Search code examples
windows-10mpimpich

MPI - code only using one of two NUMA nodes


This is a long shot but perhaps someone can help. I'm running a model (SWAN) on Windows 10. I'm using the MPI version using MPICH2 (1.4.1p1).

I have two NUMA nodes with 36 cores each. For some reason I can't run the model on all 72 cores.

I'm running the model using mpiexec -n <np> swan.exe or swanrun inputfile <np>. If I specify mpiexec -n 72 the model starts 72 processes but only uses the 36 cores of one node. Even if I run 2 or more models at the same time they run on the same node leaving 36 cores pretty much idle.

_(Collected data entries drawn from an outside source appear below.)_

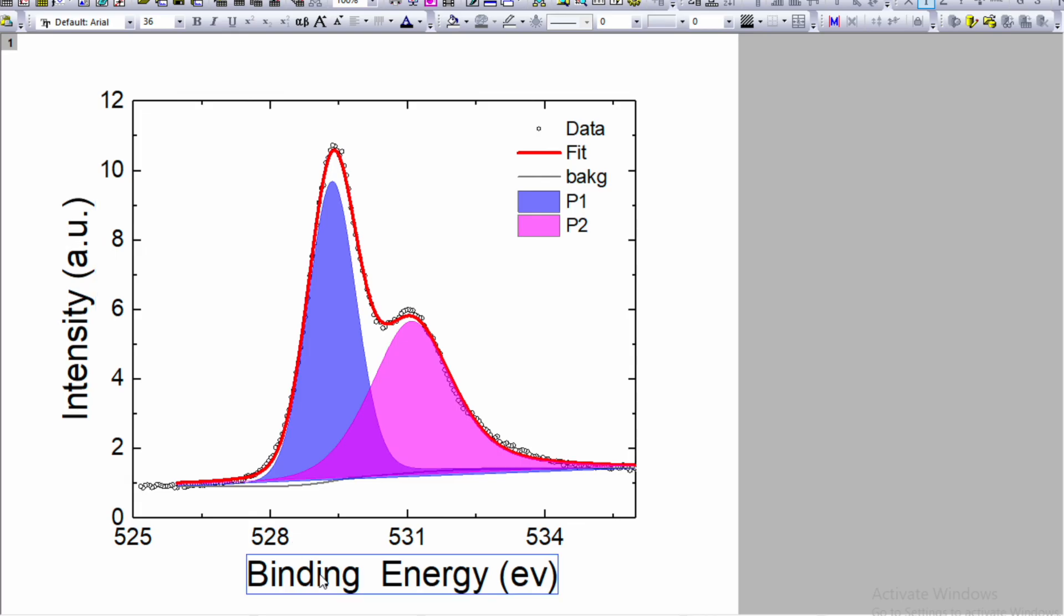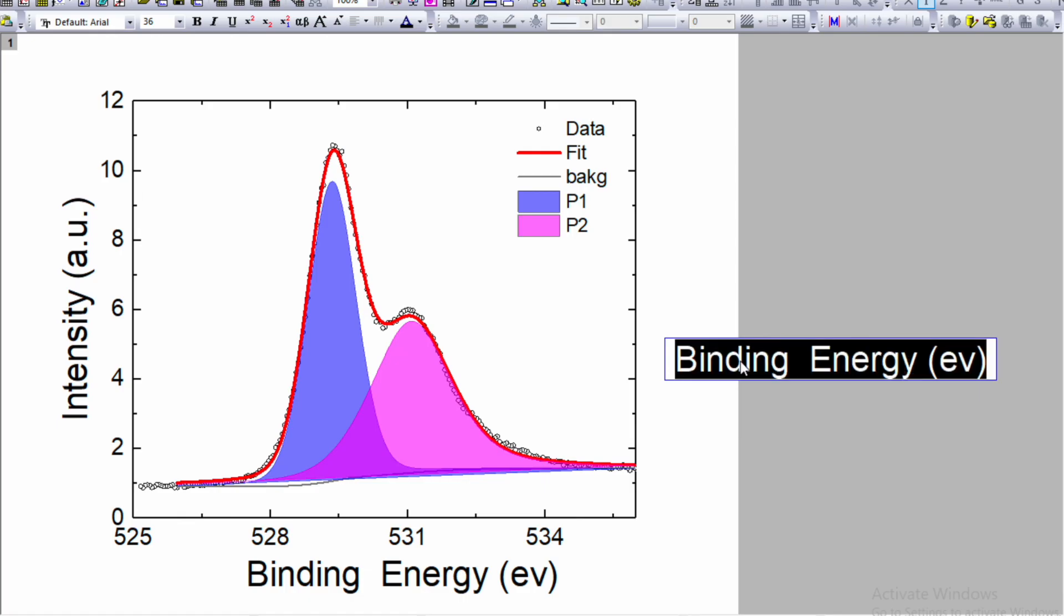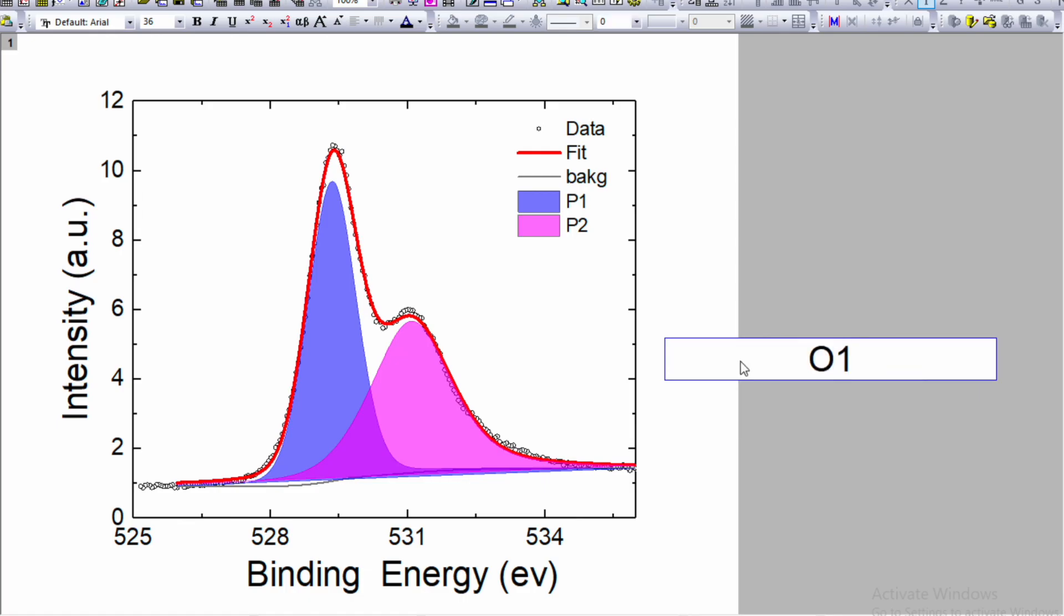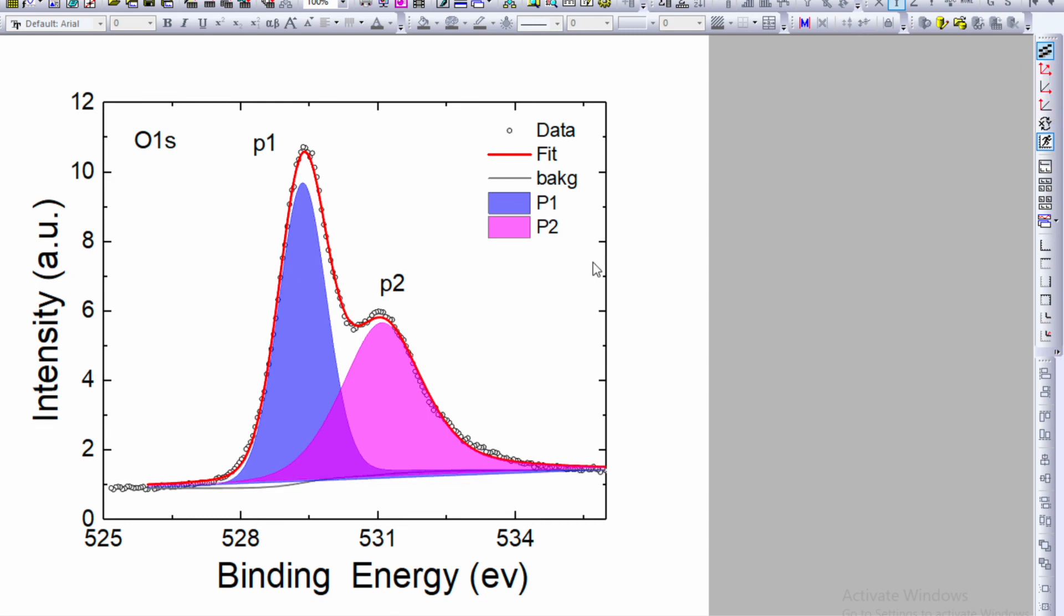Now if you want to add a text, either you can just copy, paste, and write down this is O1S. Right hand top corner you can see option: enable, disable anti-aliasing. Just click over here. It will help you to smooth out the data.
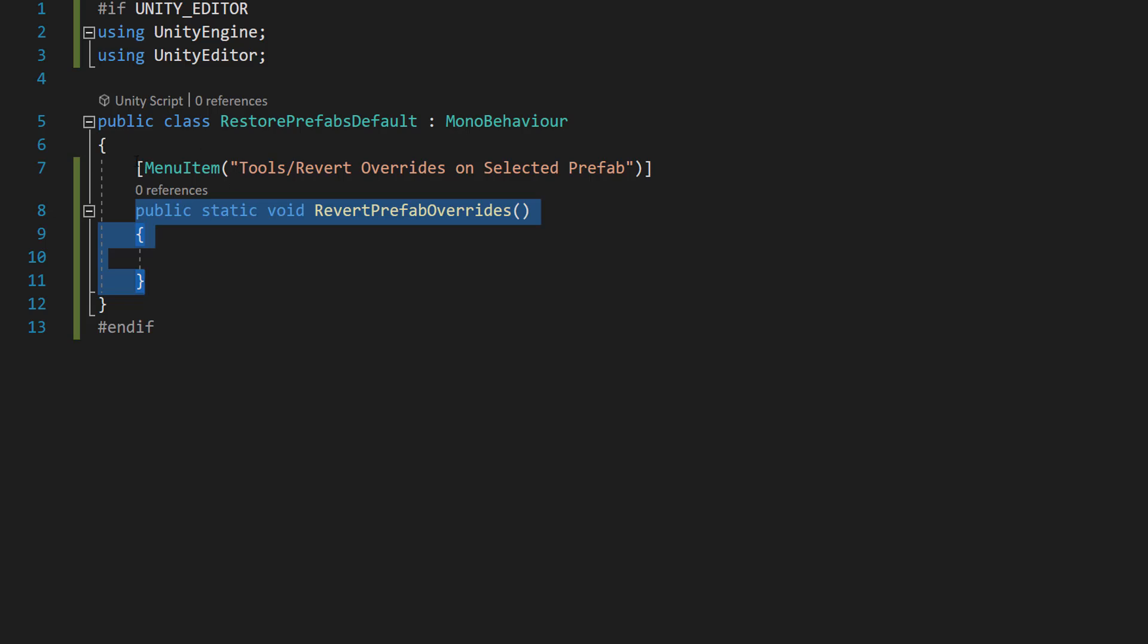And here with our menu item, this attribute creates a menu in unity's top menu under tools, and it allows users to trigger the revert prefab overrides function in the unity editor.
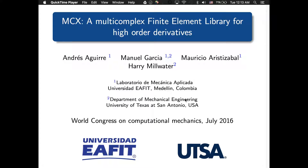Hi, my name is Manuel Garcia and I am going to present MCX, a Multicomplex Finite Element Library for High-Order Derivatives. This work has been developed by Egafit University and UTSA, University of Texas at San Antonio.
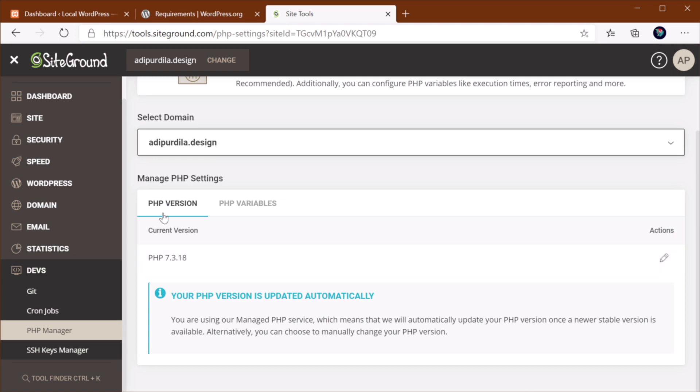But that might not be the case for you. In some cases, you will need to update manually. Or what I always recommend you do is that you get in touch with your web host and tell them that you have this problem, and that one solution would be to update the version of PHP.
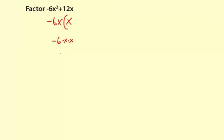And 12x is 6 times 2 times x. And I wrote it as 6 times 2 because I know I'm taking a 6 out and that will leave a 2. It's just easier that way. So if I'm taking a negative sign away from this positive 12x, I have to change to negative here. And then what's left is the 2.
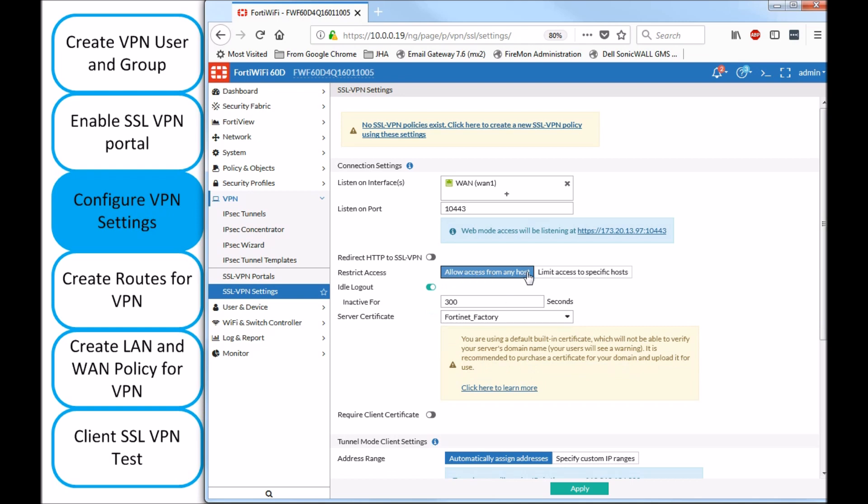If you're going to choose allow access from any host, literally means anyone is going to be able to see this port open on this IP if they do a port scan, so they might be able to try a brute force on the username and password.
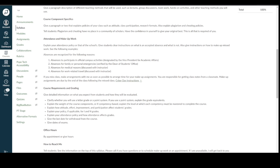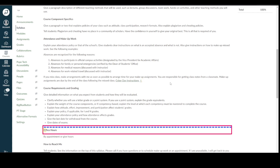Let's review what NVDA does when there's an empty link. I'll use the tab key to navigate through the links on the page. When I got to the empty link, NVDA just said "blank," so we don't know where the link goes.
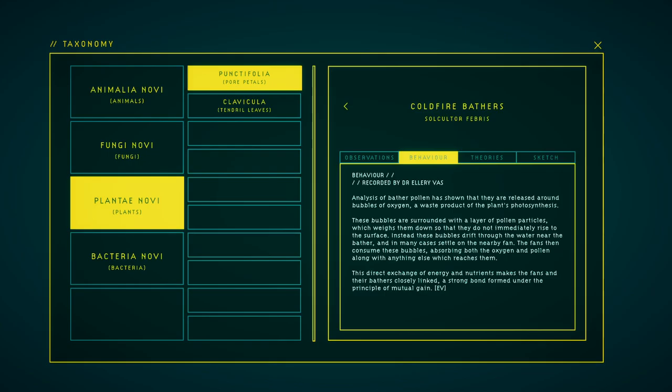Analysis of bather pollen has shown that they are released around bubbles of oxygen, a waste product of the plants' photosynthesis. These bubbles are surrounded with a layer of pollen particles which weights them down so that they do not immediately rise to the surface. Instead, these bubbles drift through the water near the bathers, and in many cases settle underneath the fan. The fans then consume these bubbles, absorbing both the oxygen and pollen along with anything else which reaches them. This direct exchange of energy and nutrients make the fans and their bathers closely linked. A strong bond formed under the principle of mutual gain.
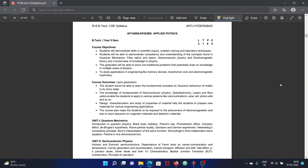Welcome to Rajtekin YouTube channel. In this video, we are going to talk about the 1-2 semester CSE subject Applied Physics. We are going to cover complete syllabus and prepare for exams. We are going to talk about the 1-1 and 1-2 regular exams.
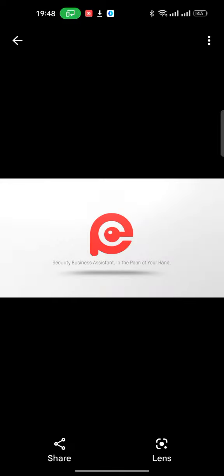Assalamualaikum, I am Imran Hasan, Technical Support for HikVision. In this video, I am going to show you the HikPartner Pro application.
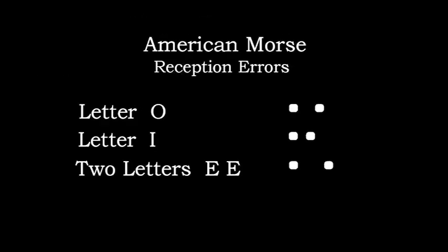American Morse is more complex than International Morse and more prone to reception errors. For example, the American Morse letter O is a dot followed by a long element space followed by a dot. This is easily confused with the letter I, which is a dot followed by a normal element space followed by a dot. The letter O can also be easily confused with double letter E's.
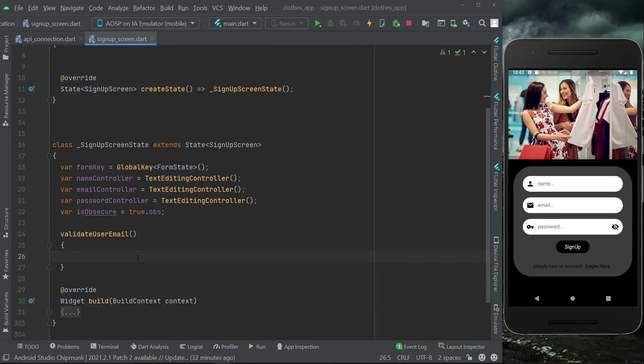We are using the MySQL database with the XAMPP server, and the backend is implemented in PHP. PHP is responsible for communication with the MySQL server, so for that purpose, first of all, we have to implement the backend.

I'm assuming I made a mistake when installing MPICH2 but can't quite figure out where I went wrong yet. I simply installed MPICH2 using the binary provided here (http://www.mpich.org/static/downloads/1.4.1p1/) Is there some option I overlooked where I have to install it for both nodes separately?


Solution

  • After some digging I realised that I had multiple versions of MPI installed on my machine. While I'm still not sure as to why my model would only run on one of the NUMA nodes at a time (I'm not sure which MPI version mpiexec was calling) I uninstalled all MPI versions and did a clean reinstall. I can now run on all 72 cores.